У меня все похолодело внутри, – и тут внезапный телефонный звонок спас нас от этого душевного разора…

29. Киллер местного разлива

Звонил дежурный по райотделу: в Вербовке убийство.

Тревожить Игорька я не стал. Наскоро собравшись, завел «семерку» и, пока двигатель прогревался, вернулся на полутемное крыльцо и обнял Дашу, поднявшуюся с постели, чтобы меня проводить. На ней был только ситцевый халатик, волосы спутаны, глаза тревожны, – и, может быть, потому ответный поцелуй показался мне вымученным и мимолетным.

– Позвони, как только приедешь, – попросила она, – иначе не засну.

Когда я отъезжал, ее тонкая, потерянная во мраке ночи фигурка все еще виднелась в дверном проеме, скупо подсвеченном изнутри тающим желтым светом. «Как все неправильно, как все плохо! – подумал я с жалостью к жене. – Одна, в неустроенном пустом доме… Только охотничье ружье оставлено под кроватью, но, если что случится, выстрелить из него она не сумеет».

За городом я врубил дальний свет – благо встречные машины почти не попадались в эту ночь – и под мелодичное бормотание магнитолы покатил в Приозерск. Там, у ворот прокуратуры, меня дожидался дежурный уазик, и молодой сержант, клевавший носом за рулем, встряхнулся, заморгал, заерзал и, торопливо распахнув изнутри пассажирскую дверцу, доложил:

– Все давно на месте. Мне велено вас доставить…

Я спросил, там ли Ильенко, и сержант с готовностью закивал головой.

Вербовка была одним из самых захудалых, умирающих сел в районе. Я как-то наведался туда с проверкой, увидел убогий покосившийся сельсовет, вылинявший флаг у входа, сотни наглых мух на оконных стеклах, подержал в руках покоробившиеся от сырости папки с деловыми бумагами, пообщался с председателем, давно махнувшим на все рукой и ко всему безразличным.

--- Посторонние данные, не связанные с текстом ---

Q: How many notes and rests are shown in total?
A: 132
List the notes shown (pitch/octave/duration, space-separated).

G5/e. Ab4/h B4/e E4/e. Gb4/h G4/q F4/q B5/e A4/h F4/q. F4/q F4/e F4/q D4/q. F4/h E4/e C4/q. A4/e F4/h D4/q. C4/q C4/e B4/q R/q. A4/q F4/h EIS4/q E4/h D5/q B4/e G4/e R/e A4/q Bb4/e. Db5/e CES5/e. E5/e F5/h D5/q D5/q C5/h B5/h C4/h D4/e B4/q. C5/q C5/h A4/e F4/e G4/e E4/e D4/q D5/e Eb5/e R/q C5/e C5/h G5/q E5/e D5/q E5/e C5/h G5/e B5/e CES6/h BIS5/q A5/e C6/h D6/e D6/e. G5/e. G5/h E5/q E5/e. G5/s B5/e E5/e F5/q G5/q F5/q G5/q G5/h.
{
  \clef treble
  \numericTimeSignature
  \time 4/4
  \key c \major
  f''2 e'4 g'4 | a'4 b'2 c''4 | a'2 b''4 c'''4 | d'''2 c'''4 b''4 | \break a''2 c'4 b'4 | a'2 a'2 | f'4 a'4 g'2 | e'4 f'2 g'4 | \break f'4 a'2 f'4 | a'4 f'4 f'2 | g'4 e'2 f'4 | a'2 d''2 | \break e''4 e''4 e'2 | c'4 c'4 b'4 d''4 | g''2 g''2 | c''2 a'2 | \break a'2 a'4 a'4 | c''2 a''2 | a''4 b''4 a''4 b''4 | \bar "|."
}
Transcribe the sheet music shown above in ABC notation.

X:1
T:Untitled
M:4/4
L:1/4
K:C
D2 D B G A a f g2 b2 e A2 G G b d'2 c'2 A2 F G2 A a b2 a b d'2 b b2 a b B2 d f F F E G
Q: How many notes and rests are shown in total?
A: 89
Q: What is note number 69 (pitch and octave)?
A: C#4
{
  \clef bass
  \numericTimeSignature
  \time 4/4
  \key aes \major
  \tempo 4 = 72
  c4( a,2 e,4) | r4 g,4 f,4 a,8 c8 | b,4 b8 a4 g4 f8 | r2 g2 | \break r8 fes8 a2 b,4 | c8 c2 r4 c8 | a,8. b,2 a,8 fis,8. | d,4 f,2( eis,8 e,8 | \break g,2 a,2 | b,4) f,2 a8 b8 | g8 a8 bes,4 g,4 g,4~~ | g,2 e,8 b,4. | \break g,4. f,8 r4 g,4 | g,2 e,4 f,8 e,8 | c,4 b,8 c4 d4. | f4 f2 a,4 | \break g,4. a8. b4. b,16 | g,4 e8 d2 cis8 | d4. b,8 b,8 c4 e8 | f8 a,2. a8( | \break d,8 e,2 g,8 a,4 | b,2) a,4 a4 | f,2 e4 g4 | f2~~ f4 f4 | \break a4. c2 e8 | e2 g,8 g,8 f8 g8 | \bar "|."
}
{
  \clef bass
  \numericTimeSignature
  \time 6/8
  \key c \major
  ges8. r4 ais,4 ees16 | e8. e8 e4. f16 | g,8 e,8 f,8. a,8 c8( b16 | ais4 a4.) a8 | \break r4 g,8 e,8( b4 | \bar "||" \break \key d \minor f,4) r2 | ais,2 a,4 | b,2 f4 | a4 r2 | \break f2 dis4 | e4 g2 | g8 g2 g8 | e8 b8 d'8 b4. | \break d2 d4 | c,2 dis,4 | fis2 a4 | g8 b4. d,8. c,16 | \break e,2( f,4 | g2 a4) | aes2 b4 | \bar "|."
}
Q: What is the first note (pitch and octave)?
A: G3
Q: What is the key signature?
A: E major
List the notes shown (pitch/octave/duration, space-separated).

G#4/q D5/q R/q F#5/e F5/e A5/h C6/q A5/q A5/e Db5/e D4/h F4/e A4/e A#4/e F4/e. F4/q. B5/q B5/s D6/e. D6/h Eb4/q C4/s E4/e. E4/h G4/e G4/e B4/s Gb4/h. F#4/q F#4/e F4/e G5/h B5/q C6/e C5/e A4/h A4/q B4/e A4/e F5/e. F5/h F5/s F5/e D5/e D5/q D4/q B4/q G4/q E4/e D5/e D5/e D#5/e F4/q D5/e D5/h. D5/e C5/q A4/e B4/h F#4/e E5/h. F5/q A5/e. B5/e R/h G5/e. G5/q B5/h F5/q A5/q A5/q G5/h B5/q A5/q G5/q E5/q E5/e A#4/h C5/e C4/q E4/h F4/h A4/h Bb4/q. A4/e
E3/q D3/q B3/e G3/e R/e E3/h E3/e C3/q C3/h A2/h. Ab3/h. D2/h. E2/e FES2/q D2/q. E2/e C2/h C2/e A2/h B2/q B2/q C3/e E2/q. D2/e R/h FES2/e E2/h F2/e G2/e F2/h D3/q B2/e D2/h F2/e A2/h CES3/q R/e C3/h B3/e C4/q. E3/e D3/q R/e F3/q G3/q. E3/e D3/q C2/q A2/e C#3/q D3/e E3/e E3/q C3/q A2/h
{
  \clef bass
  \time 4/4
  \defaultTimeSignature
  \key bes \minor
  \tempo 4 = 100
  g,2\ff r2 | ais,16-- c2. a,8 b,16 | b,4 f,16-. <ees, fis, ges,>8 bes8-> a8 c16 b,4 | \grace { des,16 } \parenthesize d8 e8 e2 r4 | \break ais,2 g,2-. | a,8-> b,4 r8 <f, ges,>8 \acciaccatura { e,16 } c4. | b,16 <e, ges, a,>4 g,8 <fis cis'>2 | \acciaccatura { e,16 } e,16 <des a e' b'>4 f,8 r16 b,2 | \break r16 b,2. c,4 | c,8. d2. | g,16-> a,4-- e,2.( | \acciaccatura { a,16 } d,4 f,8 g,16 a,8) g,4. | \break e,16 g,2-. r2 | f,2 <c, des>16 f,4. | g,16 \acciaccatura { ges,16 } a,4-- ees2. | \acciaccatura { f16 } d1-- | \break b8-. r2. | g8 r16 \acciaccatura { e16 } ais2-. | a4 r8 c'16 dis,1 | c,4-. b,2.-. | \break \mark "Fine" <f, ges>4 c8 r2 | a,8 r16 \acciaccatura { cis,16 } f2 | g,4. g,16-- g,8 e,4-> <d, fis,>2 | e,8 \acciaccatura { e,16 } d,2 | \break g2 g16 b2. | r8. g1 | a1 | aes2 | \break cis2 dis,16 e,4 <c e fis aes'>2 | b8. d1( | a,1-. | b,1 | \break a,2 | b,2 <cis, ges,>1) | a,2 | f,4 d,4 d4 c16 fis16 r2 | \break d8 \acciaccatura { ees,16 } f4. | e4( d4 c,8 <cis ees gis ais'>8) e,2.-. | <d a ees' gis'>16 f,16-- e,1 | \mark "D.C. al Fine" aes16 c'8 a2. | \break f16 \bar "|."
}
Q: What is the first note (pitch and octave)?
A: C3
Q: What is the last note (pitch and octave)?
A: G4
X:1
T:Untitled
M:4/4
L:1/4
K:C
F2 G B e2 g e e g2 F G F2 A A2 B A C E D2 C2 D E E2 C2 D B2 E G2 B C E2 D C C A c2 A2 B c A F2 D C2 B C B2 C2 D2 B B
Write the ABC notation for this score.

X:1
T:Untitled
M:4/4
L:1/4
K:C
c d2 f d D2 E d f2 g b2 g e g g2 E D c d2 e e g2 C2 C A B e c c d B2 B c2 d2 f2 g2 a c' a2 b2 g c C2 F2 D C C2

– Уезжают, а я не держу, – сказал он про сельскую молодежь и махнул рукой. – Остальные пьют. Что делать, если не пить? Козла в клубе забивать? И я, бывает, осерчаю и выпью. Особенно если дождь. В дождь мы как Ленин в Разливе: не то лодкой по улице плыть, не то на тракторе ехать. А самогон у нас из всего, что под рукой, гонят… Как вы насчет самогона?..

И вот теперь в этой заплесневелой дыре, где осталось сотни две старух и подтоптанных баб да полсотни спившихся мужиков, совершено убийство. Не самогон ли «из всего, что под рукой», тому причиной?

Чудны дела твои, господи!..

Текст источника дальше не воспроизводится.